# Saved data entries:
▬▬▬▬▬▬

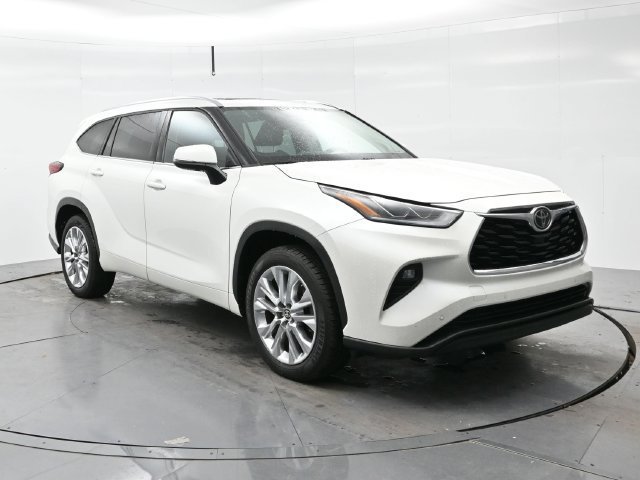 2021 Toyota Highlander Limited FWD photo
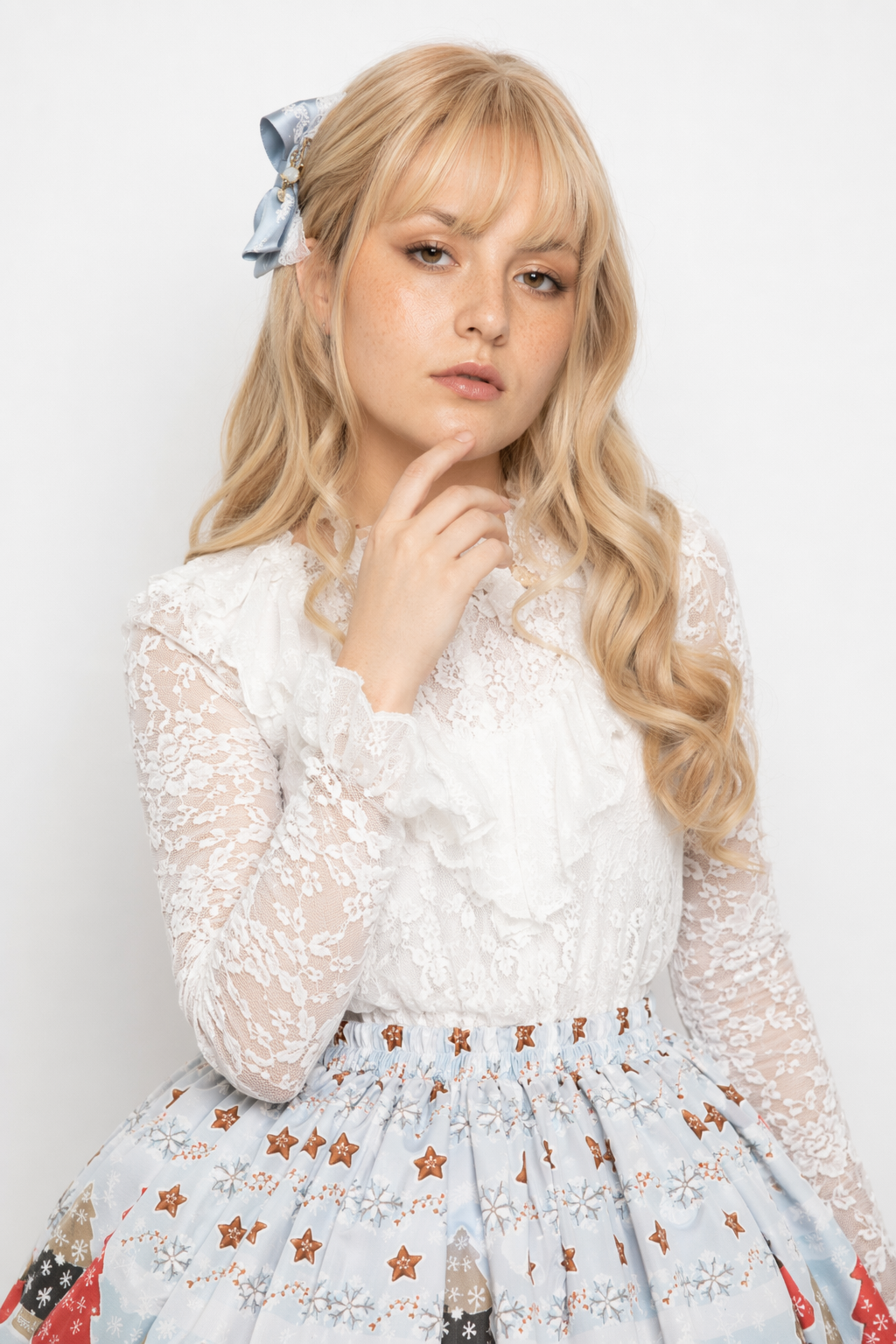 Luxury Winter Wonderland Skirt with Lace Trim and Pleats L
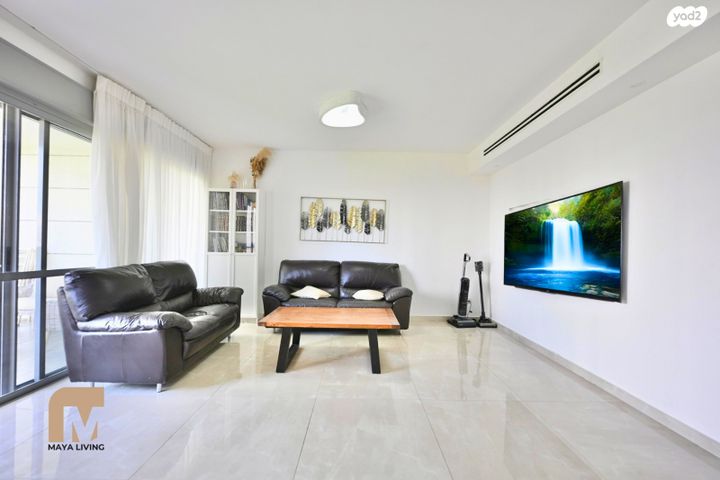 דירה, נאות רבין, יבנה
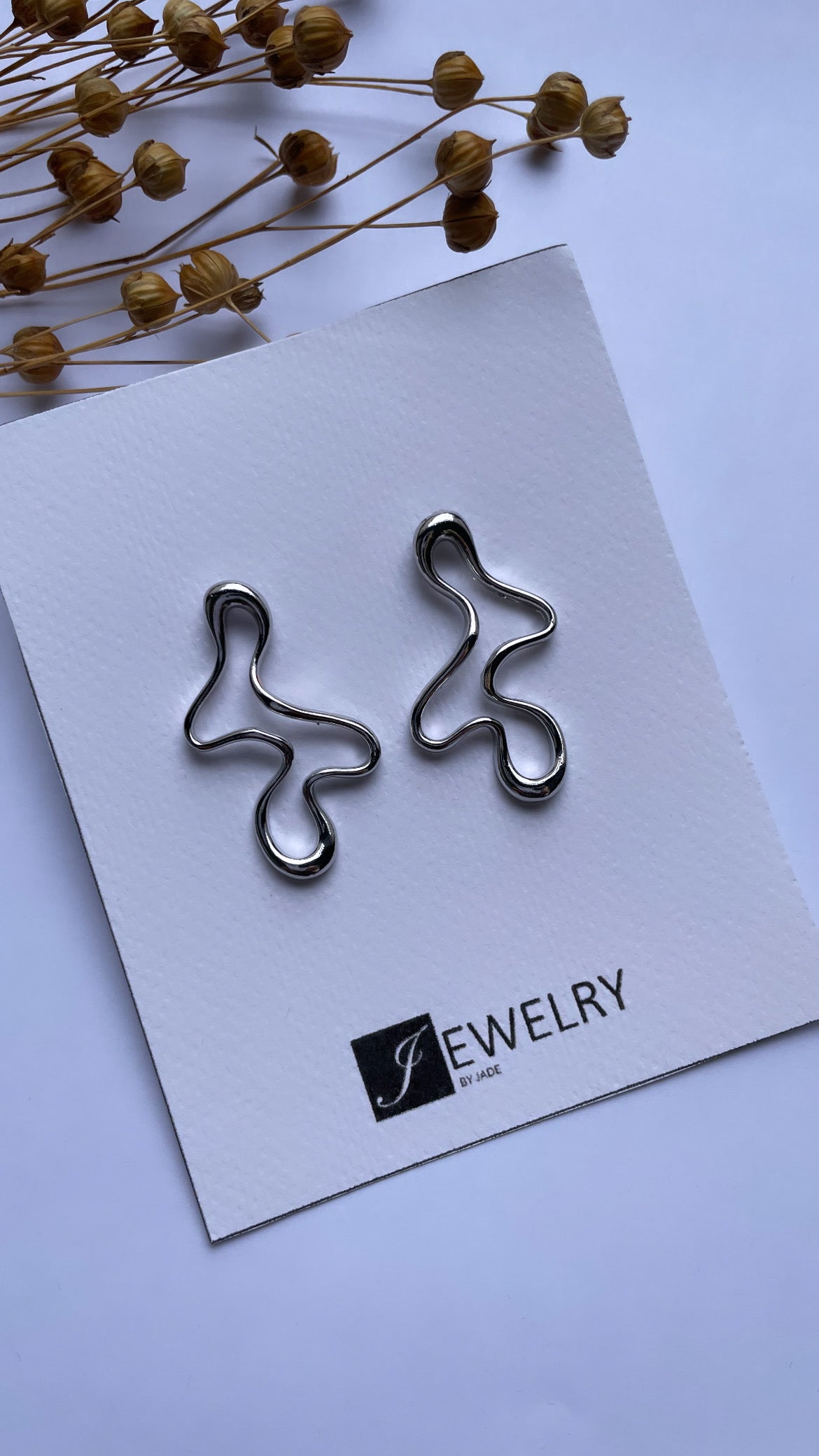 Wavy silver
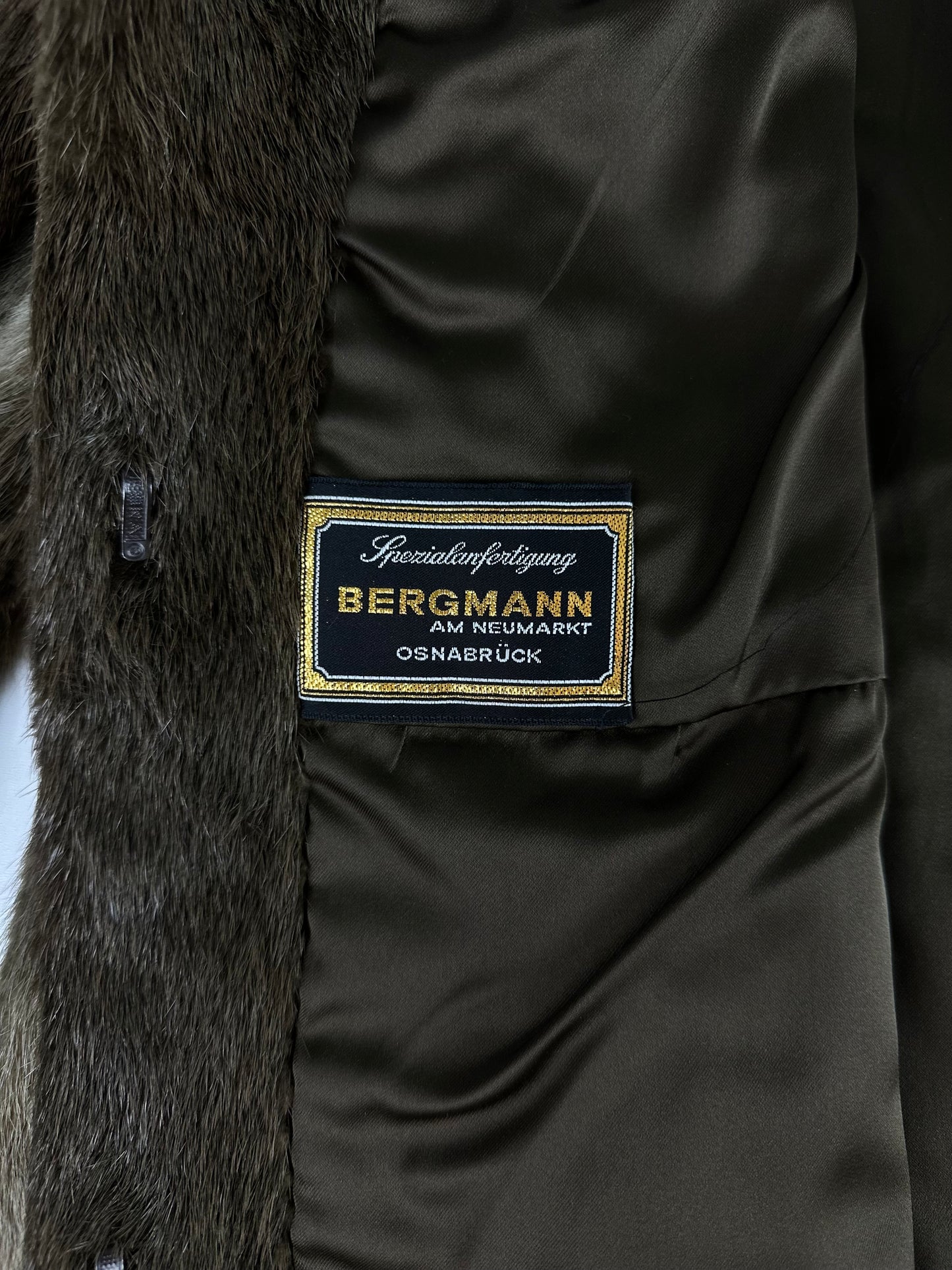 Biberfell Mantel - Shiny Light Brown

▬▬▬▬▬▬

# WHAT TO WORK ON:
Each record above must be returned exactly as written, with its pictures omitted.

# RESPONSE TO THE EXERCISE:
 2021 Toyota Highlander Limited FWD photo
 Luxury Winter Wonderland Skirt with Lace Trim and Pleats L
 דירה, נאות רבין, יבנה
 Wavy silver
 Biberfell Mantel - Shiny Light Brown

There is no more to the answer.